MVP Development: Test Your Idea Before You Build the Whole Thing
We build MVPs that are genuinely testable, not polished prototypes that cannot handle real data. The goal is to validate the core assumption quickly, at the lowest sensible cost.
Most digital product failures are not technical failures. They are validation failures: the product gets built in full before anyone has properly tested whether the market wants it. An MVP changes that equation. Instead of spending twelve months building everything, you spend six weeks building the one thing the product needs to prove, get it in front of real users, and make a more informed decision about what to build next.
We have built MVPs for founders, startups, and established businesses across a range of sectors. The team knows the difference between a minimum viable product and a minimum viable excuse. An MVP from us is functional, handles real data, and gives the people testing it enough to form a genuine opinion. It is not a clickable mockup dressed up as an application.
What a good MVP includes
The discipline is in deciding what to leave out. Most briefs that arrive as MVP requests are actually full product specs with a few features removed. We work with clients to identify the single most important assumption the product needs to test, and build the shortest path to testing it properly. A typical MVP will include:
- The core user journey, end to end, with real functionality
- Actual data handling, not placeholder content
- Basic authentication and access control where needed
- Enough reliability to gather genuine feedback
- A codebase that can be built on rather than thrown away
Timeline and what happens after
Most MVPs we build are in production within four to twelve weeks depending on complexity. Because the team writes the code, the architecture is designed to support further development. There is no handover risk, no compatibility problem with a new team, and no need to explain the system from scratch when the validation is done and the next phase begins.
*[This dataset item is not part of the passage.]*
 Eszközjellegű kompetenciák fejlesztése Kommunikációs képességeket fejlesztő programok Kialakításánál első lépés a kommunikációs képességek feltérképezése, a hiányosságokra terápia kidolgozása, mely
We also have experience of building and running our own commercial products from the same starting point. That firsthand knowledge of what early product decisions cost later in the lifecycle shapes how the team scopes and builds every MVP.
Frequently Asked Questions
What is the difference between an MVP and a prototype?
An MVP from us is functional, handles real data and gives users enough to form a genuine opinion. It is not a clickable mockup. Most digital product failures are validation failures, and a real MVP is what makes proper validation possible.
How long does an MVP take to build?
Most MVPs we build are in production within four to twelve weeks, depending on complexity. The team will give a realistic timeline at the scoping stage rather than promising what cannot be delivered.
What should an MVP include?
The core user journey end to end with real functionality, real data handling, basic authentication where needed, enough reliability to gather genuine feedback, and a codebase that can be built on rather than thrown away.
What happens after the MVP is validated?
Because we write the code, the architecture supports further development. There is no handover risk and no compatibility problem with a new team. Most clients continue with us into the next phase of build.
How do you stop scope creep at MVP stage?
Most briefs that arrive as MVP requests are actually full product specs with a few features removed. We work with you to identify the single most important assumption the product needs to test, and build the shortest path to testing it properly.